Sturgis

 Andy Warhol


Andrew Warhola (1928-1987) was born to Slovakian immigrants in Pittsburgh, Pennsylvania. He studied art at the Carnegie Institute of Technology before moving to New York City in the late 1940s and adopting the name Andy Warhol. He began his creative career as a commercial designer and window display artist. Warhol soon shot to fame. In the 1950s, the artist developed a rudimentary print-making technique wherein he would apply ink to paper then quickly blot it while still wet. He is widely recognized for establishing Pop Art in the early 1960s when he used mass-produced symbols, commercial goods, and popular celebrities in his work; examples of this include dollar bills, Campbell's soup cans, and Marilyn Monroe. He opened “The Factory” in 1963 and used it as an art studio as well as venue for his extravagant parties of socialites. It became one of the places to be in New York City. In the 1970s, Warhol continued to experiment with film and painting, and particularly enjoyed painting commissioned portraits for wealthy patrons. His popularity experienced a resurgence in the 1980s, in part due to collaborations with the younger cadre of Neo-Expressionists, including Jean-Michel Basquiat, David Salle, and Julian Schnabel. His thrilling career was unexpectedly cut short when he passed away in 1987.

Warhol’s oeuvre is managed by his Estate, The Andy Warhol Foundation for the Visual Arts.

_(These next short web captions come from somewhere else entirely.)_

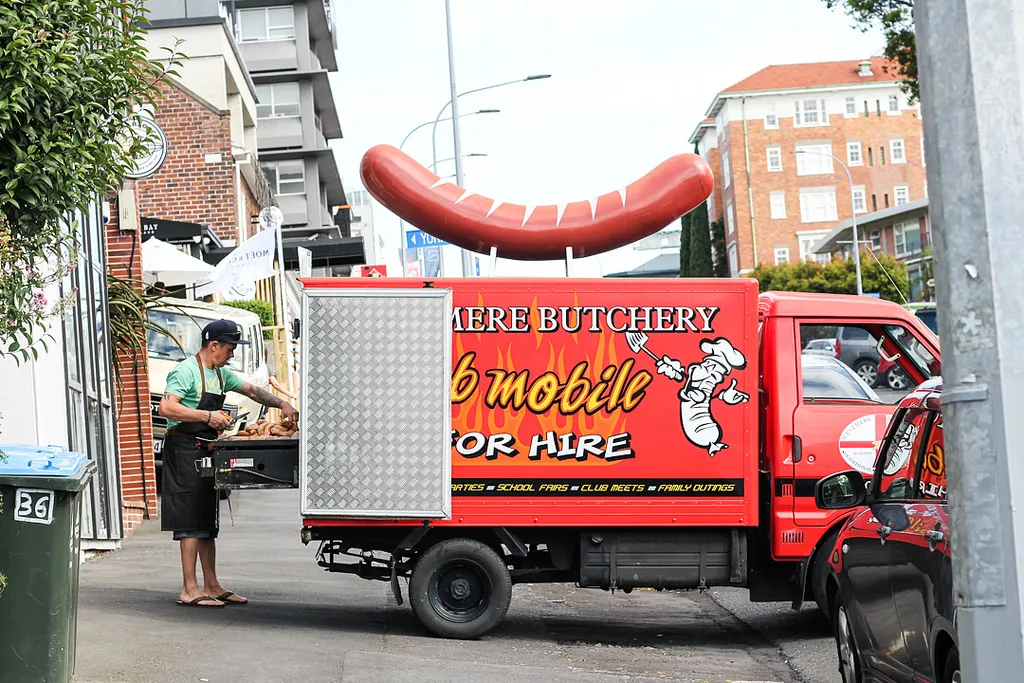 hot dog truck - 2016 - christmas party 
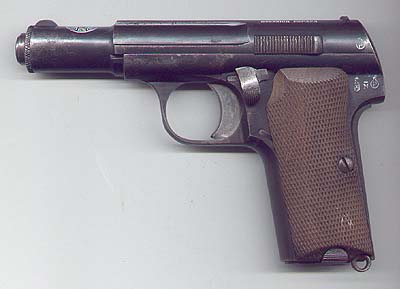 Hace unos días encontré por casualidad en una web extranjera un arma a la venta que hacía muchos años 122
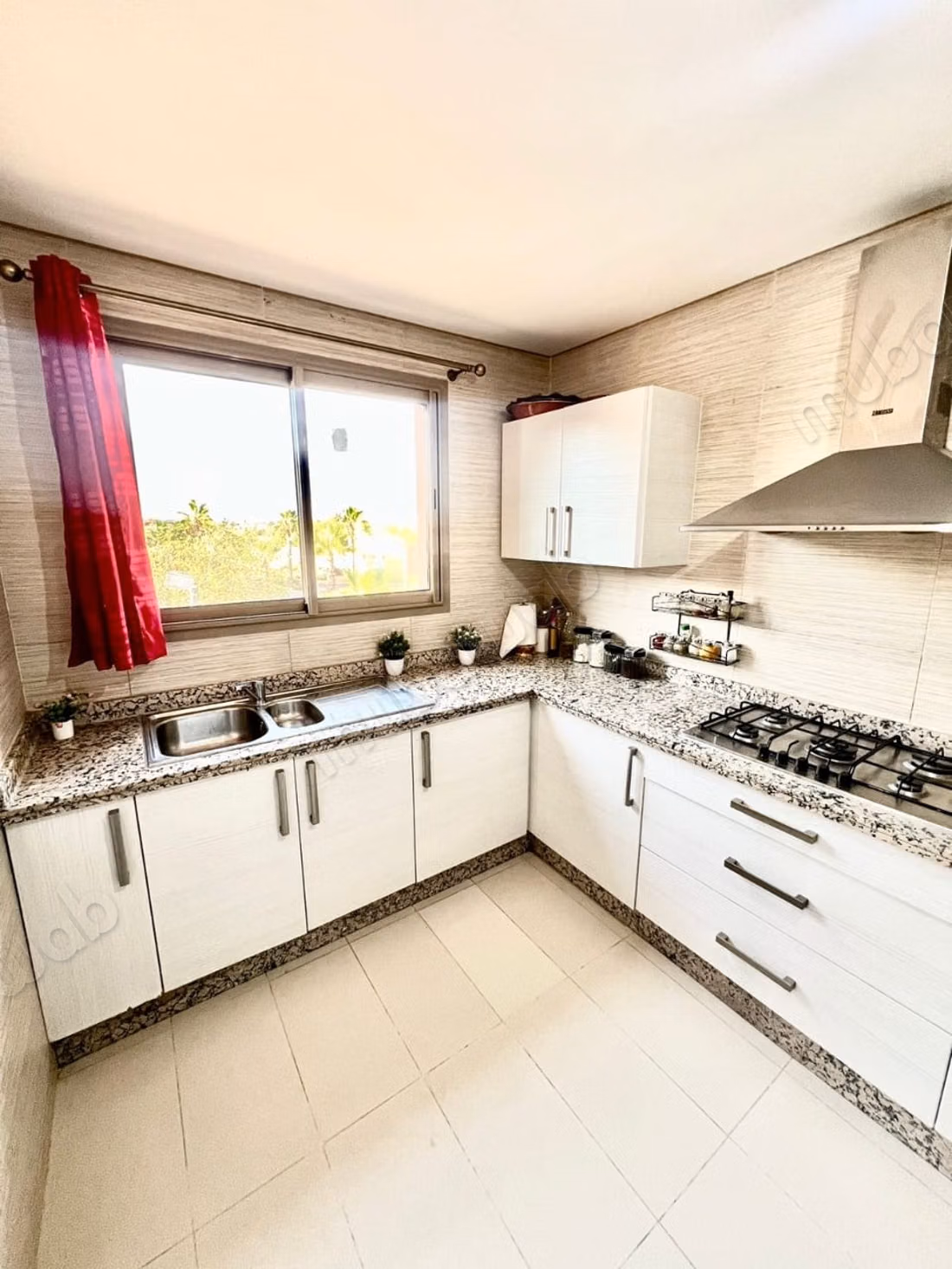 Bel appartement à vendre à Palmers. 3 pièces. Meublé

His work is collected by such esteemed institutions as the Museum of Modern Art (New York City, USA), the Metropolitan Museum of Art (New York City, USA), the UCCA Center for Contemporary Art (Beijing, China), and GAM Galleria Civica d'Arte Moderna e Contemporanea (Turin, Italy). He founded Interview magazine and the New York Academy of Art, and published books. The Andy Warhol Museum in his birthplace of Pittsburgh is the largest, single-artist museum in the United States and in 2022 his painting Shot Sage Blue Marilyn (1964) made history as the most expensive artwork sold at auction by an American artist ($195M). His pieces are present in many private collections, the most notable being Jose Mugrabi's.